CHESHIRE East Council cabinet members will discuss plans to introduce food waste collection in the borough next week.

A report has been compiled by Ralph Kemp, in charge of waste at the council, recommending that the council moves ahead with plans for food waste to be collected alongside garden waste from April 2019.

The proposal, to be discussed at a meeting on Tuesday, would require the development of a new facility at Leighton Grange Farm in Crewe.

In the report to cabinet members, Mr Kemp said: “The council is seeking to provide a food waste recycling collection as part of our garden waste recycling service.

“This is an aspiration of our waste strategy to reduce the disposal of food waste which currently accounts for 40 per cent of our residual black bin waste.”

Mr Kemp added that ‘not recycling food waste … would increase costs and endanger the council’s ability to achieve future recycling targets’.

The council had tendered across two options – option one being the construction of the new plant in Crewe, with option two being to collect the waste from the new environmental hub in Middlewich and transport it to an existing site to be processed.
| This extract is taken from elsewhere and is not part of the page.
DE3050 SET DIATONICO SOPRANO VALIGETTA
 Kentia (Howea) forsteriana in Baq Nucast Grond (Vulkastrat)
Plans to bring in food waste collection as new and separate service had previously been scrapped in 2012 due to inflating costs.
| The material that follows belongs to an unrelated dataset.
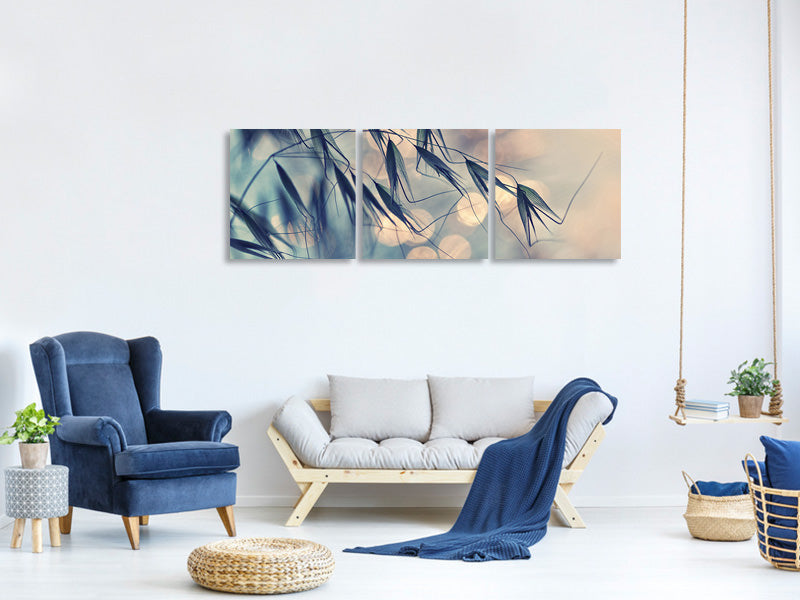 panoramic-3-piece-canvas-print-straws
Cheshire East Council says the new tender, which opened following a cabinet decision in September 2015, is ‘estimated to be in the region of £16 million depending on the scale of any proposed plant’.

Planning permission would need to be secured for the Leighton Grange Farm site, with access improvements estimated to cost between £500,000 and £1 million while the distribution of collection caddies and bags is estimated at £322,000.

One bid has been recommended for approval, with the report stating: “The proposed preferred bidder is offering a relatively simple in vessel composting plant, sited at the rear of the council-owned Leighton Grange Farm, adjacent to the existing sewage works.

“The plant has an annual processing capacity of 60,000 tonnes. The solution is sized for Cheshire East Council’s waste of between 40,000 and 45,000 tonnes, with an additional capacity of 15,000 to 20,000 tonnes for commercial food waste.”

There is a national target to recycle 50 per cent of waste, with a European Commission target to hit 65 per cent by 2030.